5. A motor-pump assembly for a clothes washing machine comprising:

a motor with a casing having a top end bell and a bottom end bell, said motor including a generally vertical drive shaft rotatably supported by said end bells, the upper end of said shaft extending above said top end bell, said top end bell providing a plurality of locator points radially spaced from and distributed about said vertical drive shaft;

a dishlike drip shield having a plurality of downwardly extending leg portions with distal ends that engage said locator points on said top end bell, said drip shield being maintained at a fixed position relative to said top end bell by said locator points, said drip shield including a generally centrally located aperture through which the upper end of said drive shaft freely extends, said drip shield providing another plurality of locator points radially spaced from and distributed about said vertical drive shaft;

a water pump having a pump casing defining a chamber enclosing a rotatable impeller, the upper distal end of said drive shaft carrying and rotatably driving said rotatable impeller, said leg portions of said drip shield and said leg portions of said pump casing being vertically aligned with each other, said pump casing including another plurality of downwardly extending leg portions with distal ends that engage said another plurality of locator points on said drip shield, said drip shield supporting said pump casing, said pump casing being maintained at a fixed position relative to said drip shield by said another plurality of locator points, said drip shield diverting away from said motor any water that may leak downwardly from said pump; and

springlike clip means extending between said top end bell and said pump casing, said clip means applying a biasing force against said pump casing to hold said pump casing, drip shield, and top end bell in position relative to each other, said drip shield, in effect, being sandwiched between said pump casing and said top end bell of said motor.
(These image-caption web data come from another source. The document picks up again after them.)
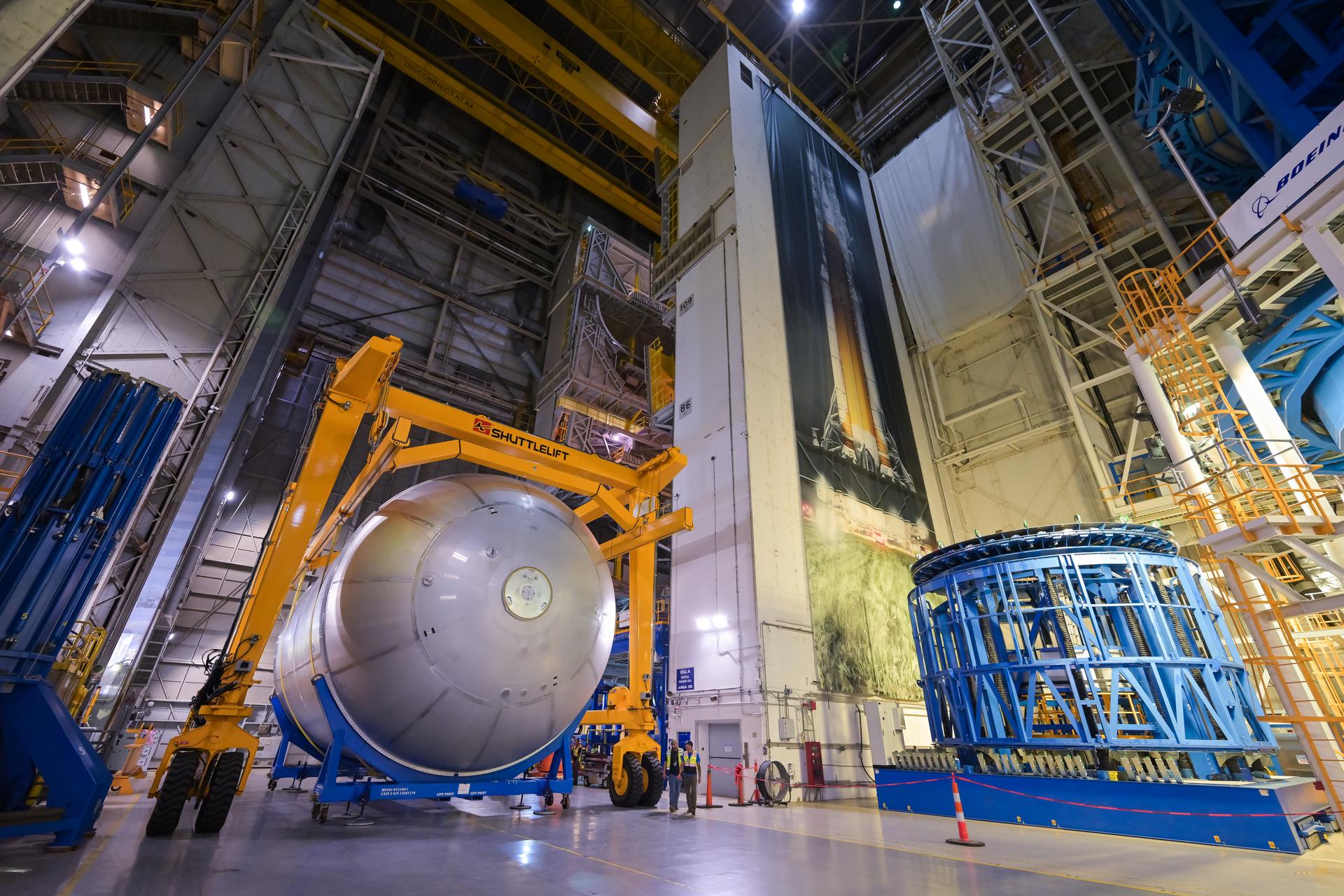 Teams at NASA’s Michoud Assembly Facility in New Orleans move a liquid oxygen tank from the main rocket factory into the adjacent vertical assembly building. The liquid oxygen tank, which will form part of the SLS (Space Launch System) rocket for NASA’s Artemis IV mission to the Moon, is rotated from a horizontal to a vertical configuration and loaded into the high bay’s hydrostatic proof testing cell. This non-destructive evaluation method tests the structural integrity of the tank’s welds by filling the tank with water, simulating the propellant used during launch. The propellant tank will hold more than 196,000 gallons of super-cooled liquid oxygen at launch and is one of five major elements that make up the 212-foot-tall SLS rocket stage. The core stage, along with its four RS-25 engines at its base, produces more than two million pounds of thrust to help launch NASA’s Orion spacecraft, astronauts, and supplies beyond Earth’s orbit and to the lunar surface for Artemis.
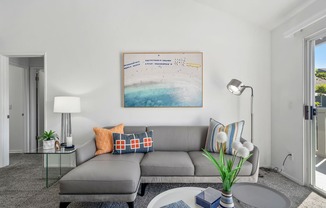 a living room with a couch and a coffee table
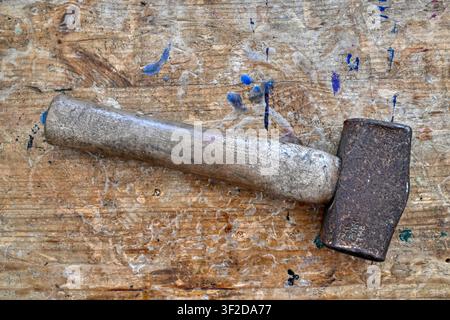 Rusty old mallet on weathered wooden workbench top Stock Photo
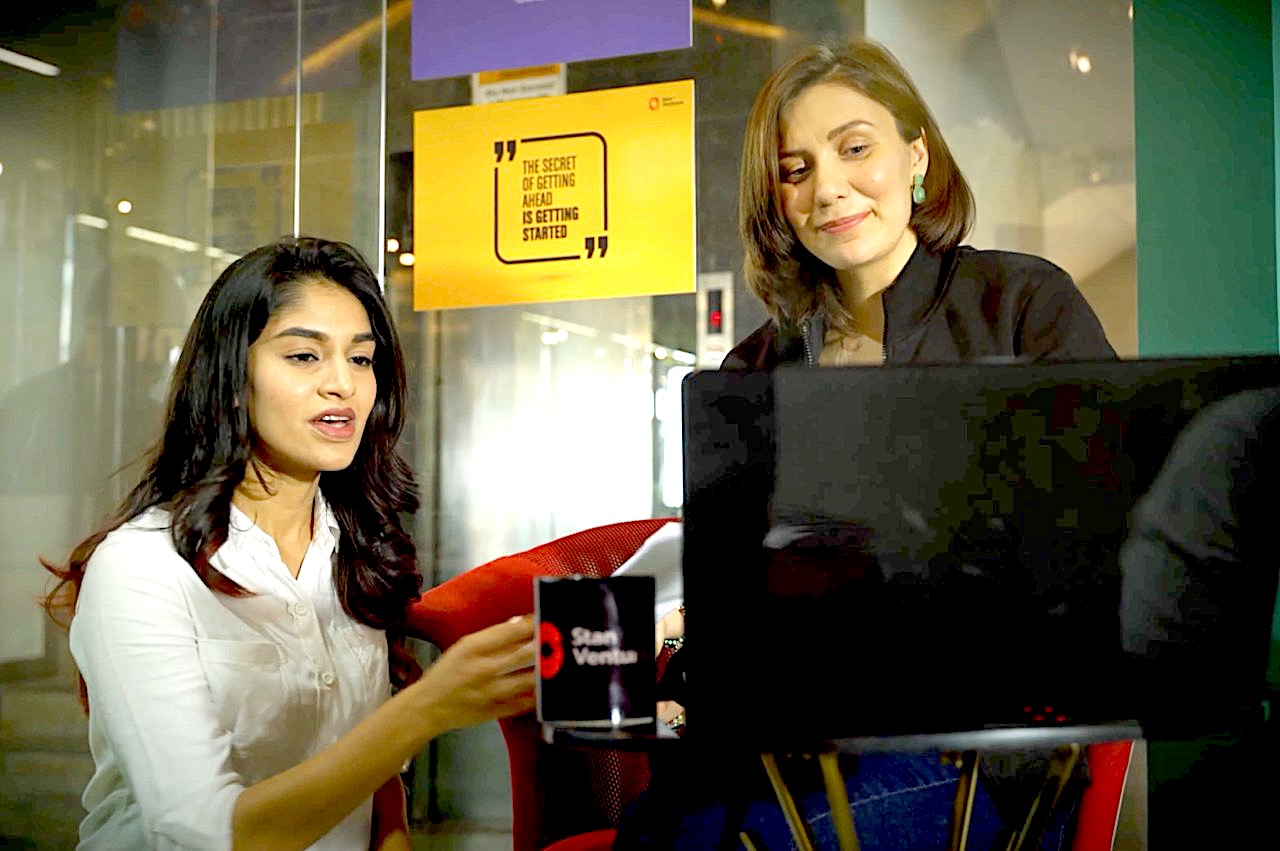 Two Stan Ventures colleagues collaborating at a computer in an office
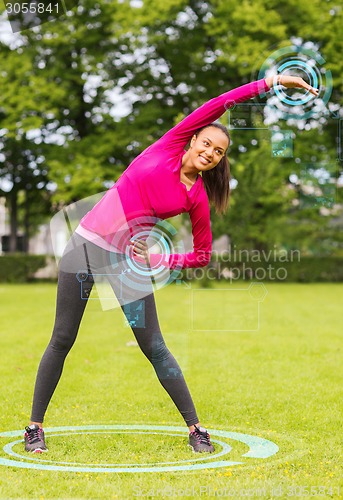 Image of smiling woman stretching back outdoors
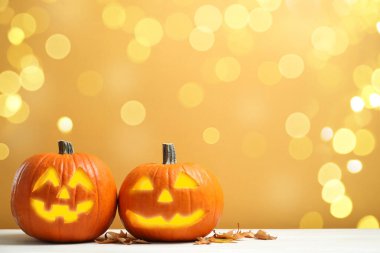 Cadılar bayramı balkabağı fenerleri koyu bej arka planda. Kabaklar oyulmuş tüyler ürpertici yüzler, bokeh etkisi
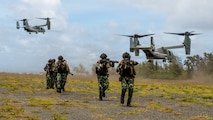 Indonesian marines disembark a U.S. Marine Corps MV-22B Osprey attached to Marine Medium Tiltrotor Squadron (VMM) 164 (Reinforced), 15th Marine Expeditionary Unit, during an amphibious raid training event as part of Exercise Rim of the Pacific 2026 at Marine Corps Training Area Bellows, Hawaii, July 12, 2026.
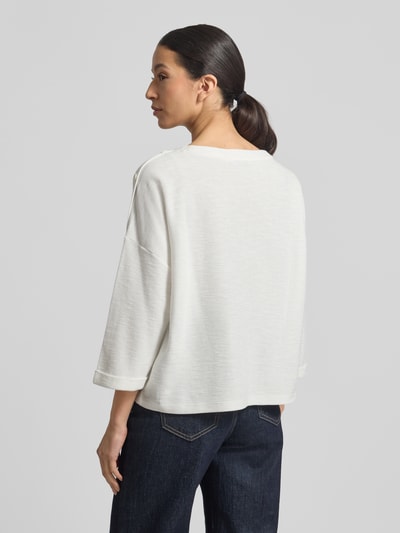 Vrouwenmodel draagt Loose Fit 3/4-shirt uit katoenmix met modal van Tom Tailor, look: effen, schouderknopen, boothals, piqué, katoenmix met modal, 3/4-mouwen met vaste omslag, pasvorm: loose fit, geheel van achteren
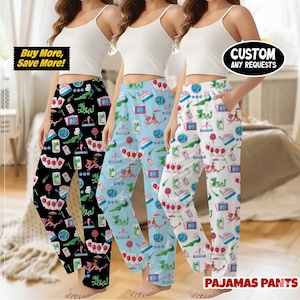 May include: Three pairs of pajama pants with colorful patterns. One pair is black, another is light blue, and the third is white. Each pair features a repeating design of various illustrations. The text "Buy More, Save More!" and "Custom Any Requests" are visible.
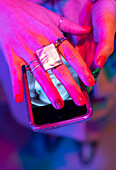 Woman with manicure and rings covering smart phone screen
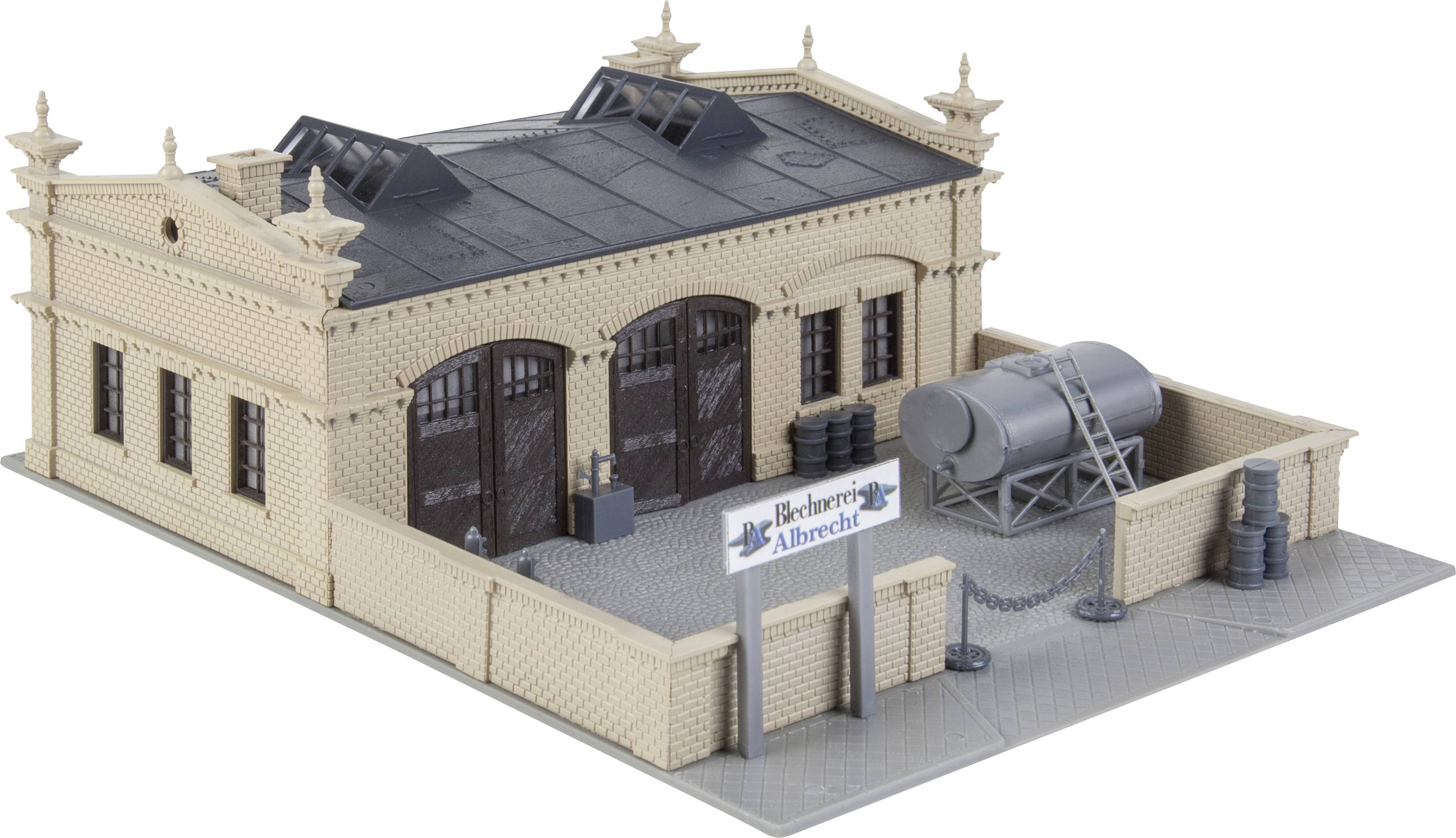 Brick building with two large doors, ventilation shafts above. A large tank stands to the side. Sign: 'Albrecht Brewery'.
6. A motor-pump assembly according to claim 5, wherein said locator points on said top end bell are constituted by a plurality of apertures in said end bell, said distal ends of said leg portions extending downwardly from said drip shield being received by and inserted into said apertures constituting said locator portions on said top end bell.

7. A motor-pump assembly according to claim 5, wherein said locator points on said drip shield are constituted by a plurality of recesses in said drip shield, said distal ends of said leg portions extending downwardly from said pump casing being received by and inserted into said recesses constituting said locator points on said drip shield.

8. A motor-pump assembly according to claim 5, wherein said clip means is constituted by two metal clips, said clips being radially spaced from the vertical axis of said drive shaft, said clips being generally diametrically opposed to each other relative to said vertical axis.

9. A motor-pump assembly according to claim 5, wherein said clip means are manually removable, said clip means being the sole means for holding said pump and said drip shield in position relative to each other, and relative to said top end bell of said motor.